The U.S. corn crop is rated this week at 69 percent good to excellent (71 percent last week), 23 percent fair and 8 percent poor to very poor.
 
The best-looking corn crops are in Iowa, Kentucky, and South Dakota. The corn is struggling in Texas, Colorado, Kansas and Ohio.
 
The corn has entered the silk stage in about one-third of the states, which is about average for this time of year.
 
The soybean crop is rated at 68 percent in the good to excellent category this week, down 3 points from last week, 25 percent is rated fair and 7 percent is rated poor to very poor.
 
Louisiana and Wisconsin have the most acres rated in the good to excellent category with 89 percent and 83 percent respectfully.
 
About half the soybean crop is blooming, slightly ahead of the 5-year average of 40 percent.
 
Unfortunately, the U.S. cotton and grain sorghum crops are not keeping up with the corn and soybeans. The cotton crop is rated 44 percent in the good to excellent category this week (43 percent last week), 30 percent is fair, and 26 percent is poor to very poor.
 
Only 18 percent of the cotton crop has set bolls, down 3 percent from the 5-year average for this time of year.
 
The grain sorghum crop is rated 46 percent good to excellent this week (48 percent last week), 38 percent is fair, and 16 percent is poor to very poor.
 
About 27 percent of the sorghum crop is headed, down 1 percent from the 5-year average.
 
Winter wheat harvest is 68 percent complete across the country, 2 points ahead of the 5-year average.
 
The nation’s pasture and range conditions are showing summer stress as only 36 percent is rated good to excellent this week (41 percent last week), 34 percent is rate fair and 30 percent is poor to very poor.

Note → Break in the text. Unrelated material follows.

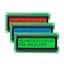 NHD-0216K3Z-FS(RGB)-FBW-V3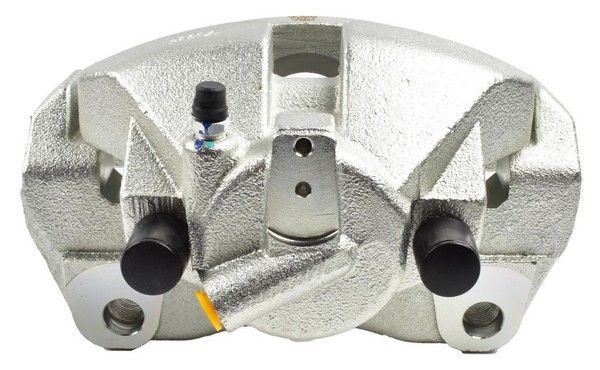 DBA Brake Caliper - Left Hand Front Axle - DBAC1342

The west and Rocky Mountain states of California, New Mexico, Colorado and Wyoming all have substantial acres in the poor to very category.
 
To view the national crop progress report, click here.
 
The Oklahoma cotton crop is in great shape as 70 percent is rated good to excellent this week, 24 is considered fair and 6 percent is poor to very poor.
 
Cotton setting bolls reached 1 percent, up 1 point from the previous year but down 5 points from normal.
 
The Oklahoma grain sorghum crop is really struggling as only 27 percent rated good to excellent, 37 percent is fair, and 36 percent is rated poor to very poor.
 
Sorghum headed reached 10 percent, down 4 points from the previous year and down 11 points from normal.
 
The third cutting of alfalfa hay reached 20 percent, up 1 point from the previous year and up 1 point from normal. The first cutting of other hay reached 85 percent, down 8 points from the previous year and down 5 points from normal.
 
Oklahoma pasture and range conditions are rated 43 percent good to excellent this week, 33 percent fair and 24 percent is poor to very poor.
 
To view the Oklahoma report, click here.
 
In Kansas, the corn crop condition is rated 53 percent good to excellent, 34 percent fair and 13 percent poor to very poor.
 
Corn silking was 47 percent, ahead of 31 percent last year, and near the 46 percent average.
 
The Kansas soybean crop is rated 59 percent good to excellent, 34 percent is fair and 7 percent poor to very poor.
 
Soybeans blooming was 43 percent, well ahead of 13 percent last year, and ahead of the 28 percent average.
 
The Kansas grain sorghum crop is rated 49 percent good to excellent, 40 percent fair and 11 percent poor to very poor.
 
Grain sorghum headed was 9 percent, near the 6 percent level both last year and average.
 
Kansas pasture and range conditions are rated 41 percent good to excellent, 37 percent fair and 22 percent poor to very poor.
 
To view the Kansas crop report, click here.
 
In Texas, the cotton conditions continued to struggle as only 23 percent is rated good to excellent, 36 percent is fair and a whopping 46 percent is considered poor to very poor.       
Cotton was blooming in the Trans-Pecos, Coastal Bend and the Lower Valley. Irrigation was in full swing in South Texas and the Lower Valley.